小川町駅
春爛漫!
都心の桜は四月を待たづに散り始め、もうすっかり葉桜になってしまいました。でもまだ、山の方は山桜が咲いていそうです。
埼玉県比企郡ときがわ町の慈光寺では、この日、本尊千手観音菩薩の御開帳があります。寺周辺には50を超す種類の桜が植えられていて、これら中には遅咲きのものもあるので、きっと見頃のものもあるはず。
ということで、この日は慈光寺参拝と山のサクラ見物です。
笠山
やってきたのは埼玉県比企郡の小川町駅。駅前の市街地を抜け兜川を渡ると、早々に周辺の山が見えてきます。
南西の目立つ山は笠山でしょう。その手前の低い山は若葉が出てきていて、きれいな緑色に覆われつつあります。空もいい色。
小川町のカントリーロード
裏道をどんどこ行くと、まだ市街地を抜けて間もないのに、緑の草原になった畑の中を行く細い砂利道が現れます。
私たちはこんな道はきらいではありません。どこもかしこもアスファルトで覆わずに、少しこんな道を残しておいた方が楽しいのではないでしょうか。
桃園へ向かう
裏道は下古寺でr273に合流します。
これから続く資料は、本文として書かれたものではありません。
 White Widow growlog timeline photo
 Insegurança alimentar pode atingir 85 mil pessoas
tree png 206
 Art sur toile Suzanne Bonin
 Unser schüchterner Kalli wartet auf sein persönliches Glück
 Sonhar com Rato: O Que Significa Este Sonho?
このr273を南下すると松郷峠を越えて慈光寺に至るのですが、その前にちょっと寄り道を。ビジターのサトちゃんが、このすぐ近くに桃園があるというので、そこを覗いて見ることにしました。
裏道がr273に合流したところから始まる林道小坂滝ノ沢線に入ります。少しえっこらして森の中に入り、ちょっと下ると空間が開いて、その桃園に到着します。
花が終わった桃園
小さな谷がr273に向かって下り、その先に小川町の西部にある山が見えます。先週末はここできれいな桃の花が見られたそうなのですが、この時はすでにそれは終わっていました。山に囲まれたここは、花があったらさぞきれいだろうと感じさせるところです。ちょっと今回は残念。
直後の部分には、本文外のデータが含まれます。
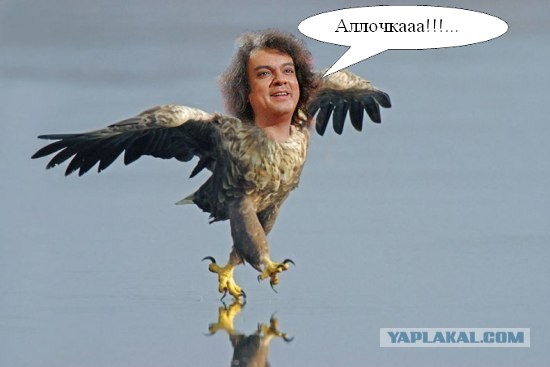 Суровый орел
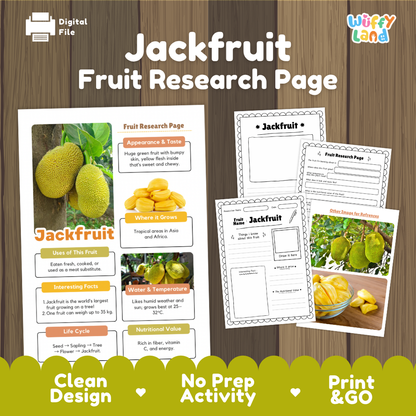 A digital printable educational activity sheet set titled 'Jackfruit Fruit Research Page' by Wiffly Land, shown on a wood-textured background. The layout includes a main research page with colorful jackfruit photos and text blocks, plus several worksheet pages.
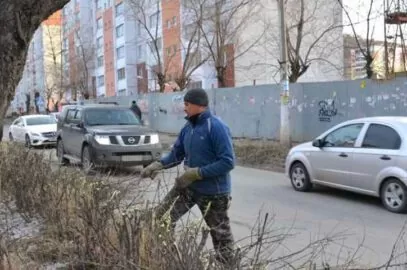 Как в Минске готовят деревья к весне: сезонная обрезка для безопасности и красоты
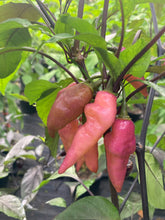 Load image into Gallery viewer, Pink Wendigo (T-E) (Pepper Seeds)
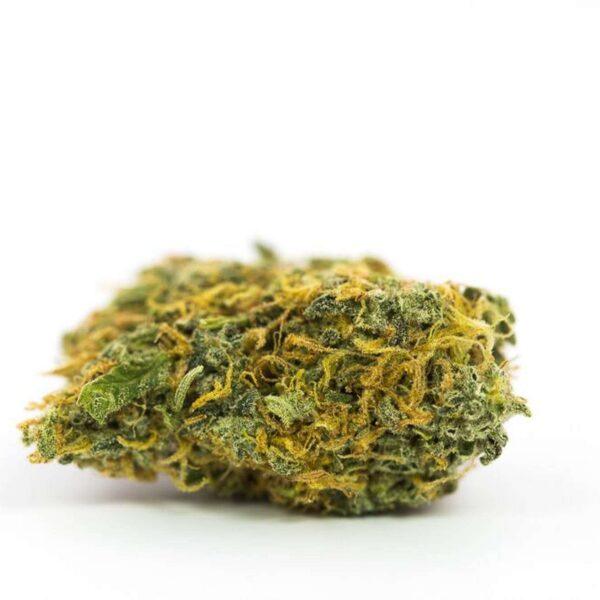 Super Lemon Haze THC: 17%-23%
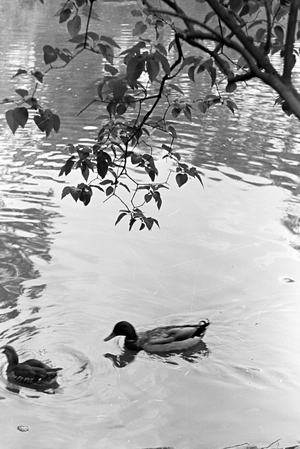 Ducks swimming in a pond in Ludwigsburg, Germany 1930s (b/w photo)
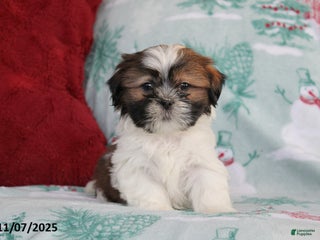 Shih Tzu dogs - Ad 25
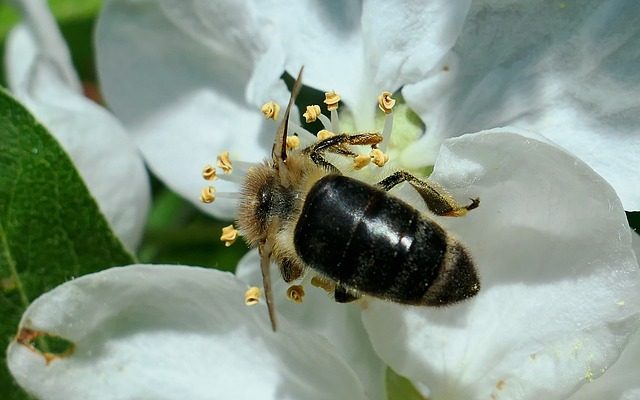 Comment se débarrasser d'un nid d'abeilles sous le revêtement d'une maison ?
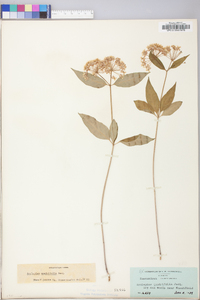 Asclepias quadrifolia image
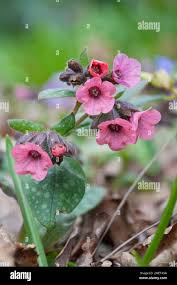 Attēlu rezultāti vaicājumam “Pulmonaria saccharata”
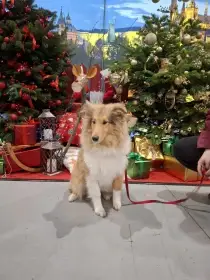 Kolie dlouhosrstá s PP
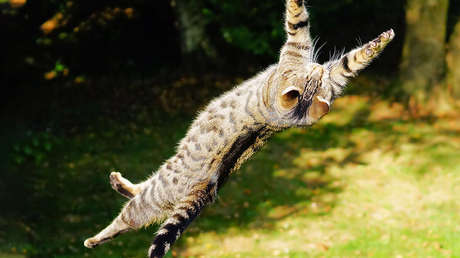 VIDEO: Una 'streamer' causa indignación al lanzar su gato por los aires en una transmisión en vivo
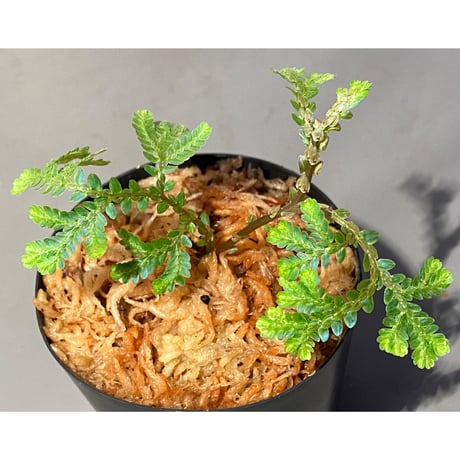 Selaginella willdenowii 伊藤蟻植物農園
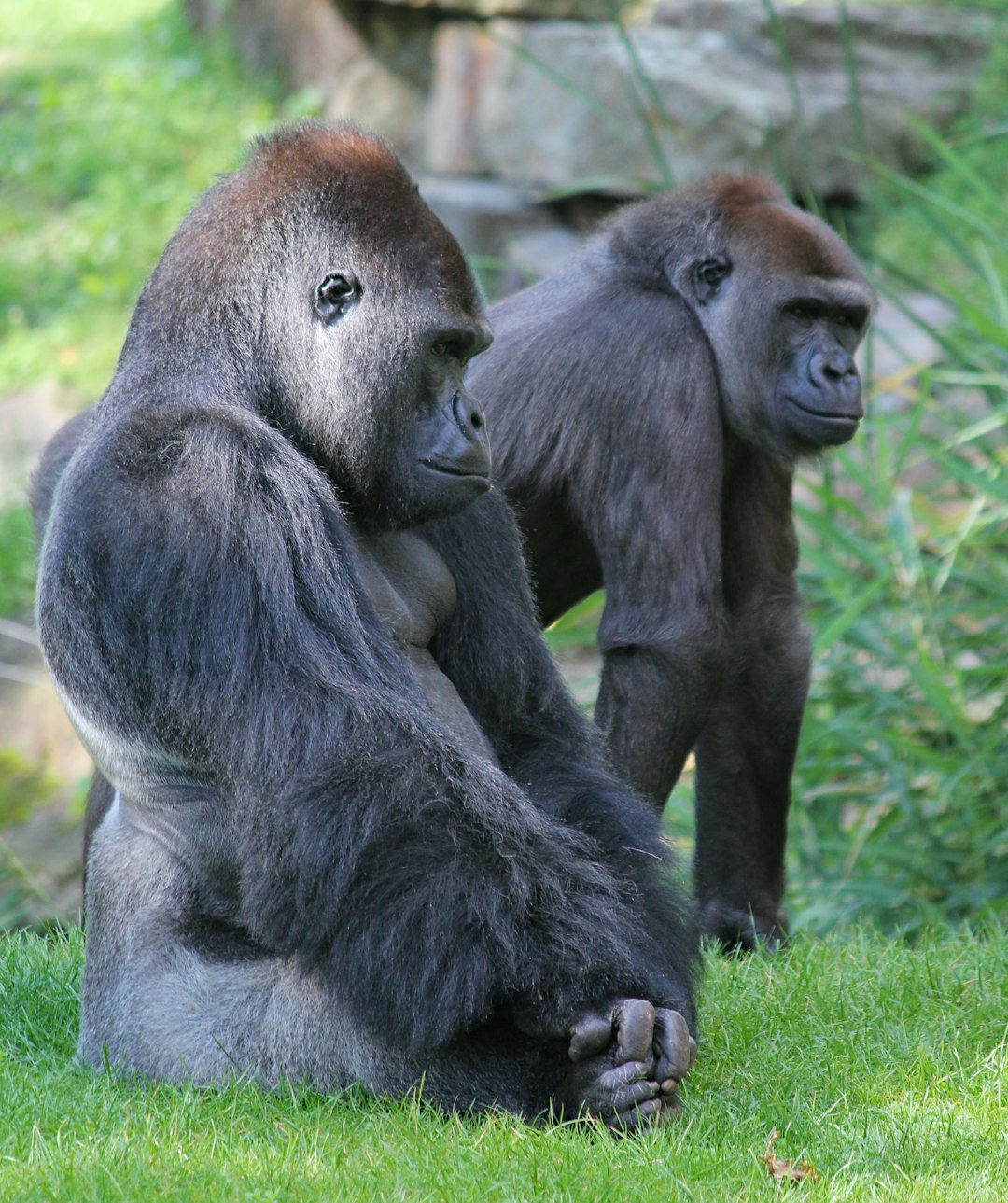  two brown gorillas on grass field gorilla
桃は終わっていましたが、いい感じのところを教えてもらったので、ここはいつかまた訪れたいと思います。
若葉の山
桃園から降りてr273で松郷峠へ向かいます。
道から見える山々は若葉がきれい。五月ごろに見られる力強さはまだなく、弱々しい緑ですが、デリケートな初々しさが魅力です。
民家のしだれ桜
山辺にある民家の庭先には、大きなしだれ桜が何本も咲いています。
ソメイヨシノはこのあたりでもすでに散ってしまっていますが、桜はそればかりではありません。このあたりではソメイヨシノ以外のこうした桜がかなり多く見られます。
松郷峠への上り
谷が狭まり上古寺で道が森の中に入って行くと、いよいよ峠道らしく、勾配がきつくなります。この勾配がきつくなったところから松郷峠までは1km強で、平均勾配は8%ほどなので、なんとか上って行きます。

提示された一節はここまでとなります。